Au début du vingt-troisième chapitre de Candide (1759), le conte de Voltaire, «Candide et Martin vont sur les côtes d’Angleterre; ce qu’ils y voient», Candide discute avec Martin sur le pont d’un navire hollandais : «Vous connaissez l’Angleterre; y est-on aussi fou qu’en France ? — C’est une autre espèce de folie, dit Martin. Vous savez que ces deux nations sont en guerre pour quelques arpents de neige vers le Canada, et qu’elles dépensent pour cette belle guerre beaucoup plus que tout le Canada ne vaut.»

 

Voltaire est toujours bien vivant.

Curiosité voltairienne (et pédagogique)

Michael Delisle, Cabale, 2023, couverture

«Mon esprit se balade pendant que je fais mine d’être intéressé. Quels cours va-t-on me donner pour la prochaine session ? Je vais encore me retrouver avec Voltaire, je le sens. Je n’en peux plus des pitreries de Voltaire. Cunégonde, tu parles d’un nom ! Comment peut-on appeler sa fille Cunégonde ? Je décline : Cunégonde Desjardins-Allard, Cunégonde Perez-Godin, Cunégonde Nguyen-Gill. Me reste-t-il au moins une bouteille de vin à la maison ?

[…]

Manon s’ennuie. Elle n’a pas emmené leur fille. Elle trouve que la mort est une expérience trop négative pour une enfant de son âge. Négative ? Elle devrait lire Candide» (p. 81).

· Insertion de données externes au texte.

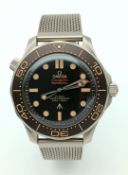 An Unworn Omega Seamaster Diver 300M James Bond 007 ‘No Time to Die’ Titanium Watch. This is the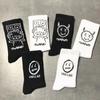 Cotton Cartoon Pattern Hip Hop Style Breathable Mid Tube Socks Women Skateboard Socks 1Pair Soft Long Sock for Men Japanese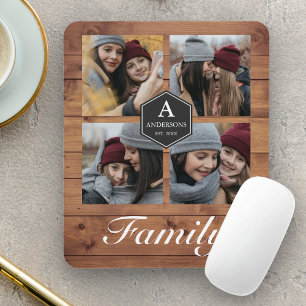 Mousepad Colagem de Fotos de Família em Madeira de Celeiro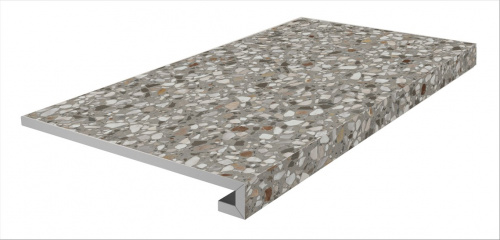 Керамический гранит KERAMA MARAZZI Ступень клееная фронтальная Бричиола серый матовый обрезной 33x60x0,9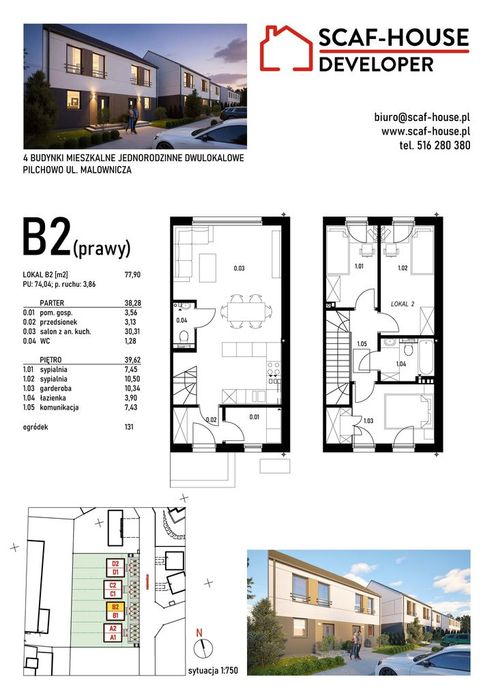 Nowe M4 z 2 m. parkingowymi i ogrodem Pilchowo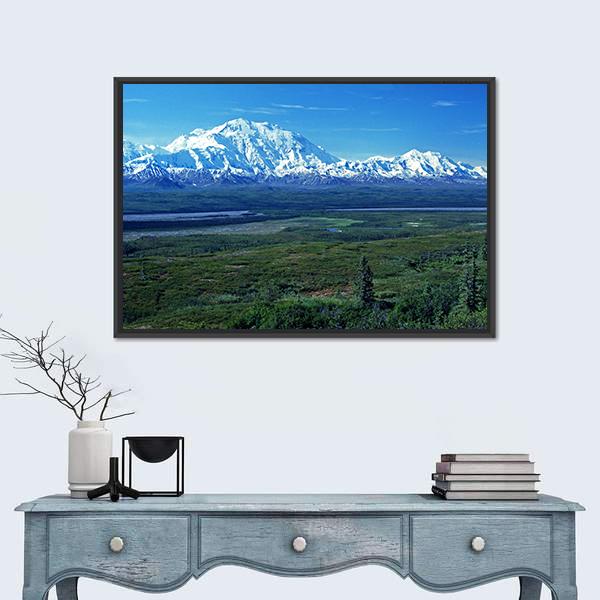 Mt McKinley & Lake Canvas Wall Art-3 Horizontal-Gallery Wrap-25" x 16"-Tiaracle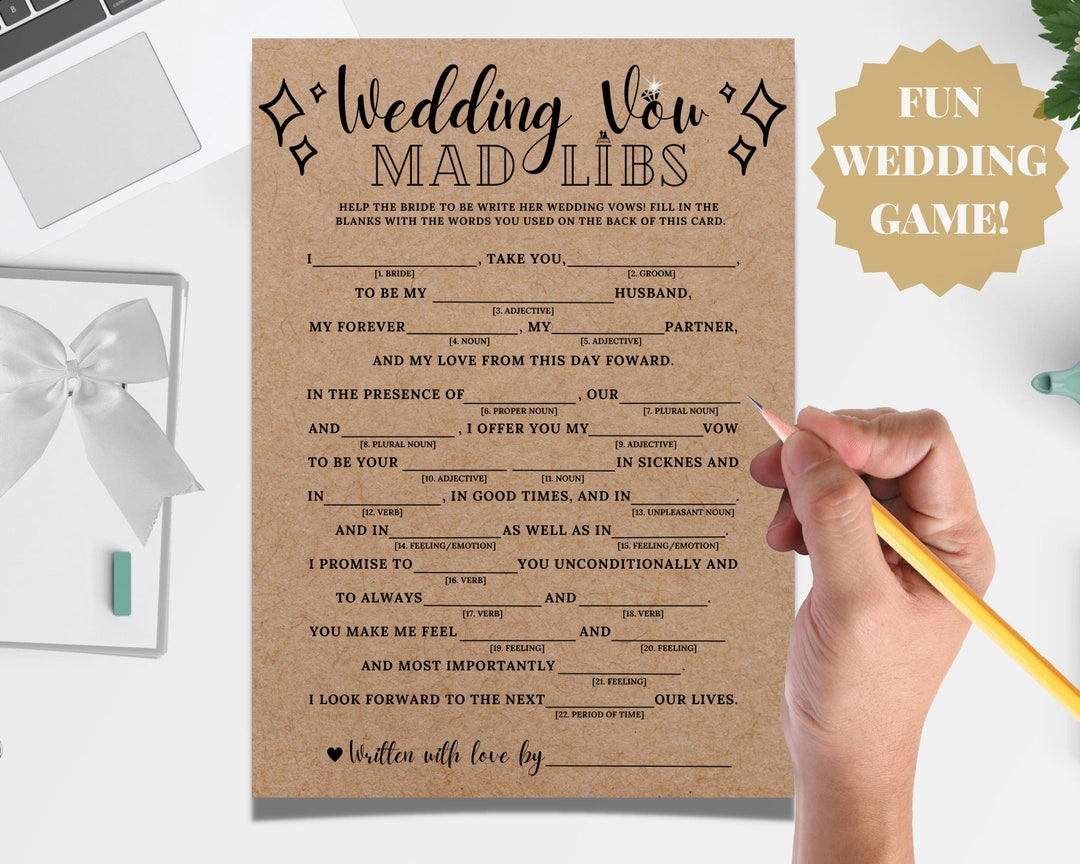 Mad Libs Wedding Vows Printable Funny Bridal Shower Game - Etsy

«Khoury est mort à sa table de travail. Il s’est effondré là, il y a deux jours peut-être, cuisant sous la lumière jaune de la lampe, le front contre un quiz sur Candide» (p. 121).

Michael Delisle, Cabale. Roman, Montréal, Boréal, 2023, 124 p.

 

Voltaire est toujours bien vivant.

Deux Ferron pour le prix d’un

Jacques Ferron, Contes, éd. de 1993, couverture

Une oreille tendue et un zeugme.

«On le vit donc reparaître, le vieil Ulysse, dans le quartier des Sirènes, attaché à son mât de misaine dont le cacatois, gonflé par les vents accumulés durant quinze ans à Ithaque Corner, lui montait dans la tête, naviguant au milieu de la chaussée mal famée, l’oreille tendue vers les persiennes muettes d’où s’échappait naguère la mélopée française et érotique.»

Jacques Ferron, «Les Sirènes», dans Contes, Montréal, Bibliothèque québécoise, 1993, 298 p., p. 149. Édition intégrale. Présentation de Victor-Lévy Beaulieu.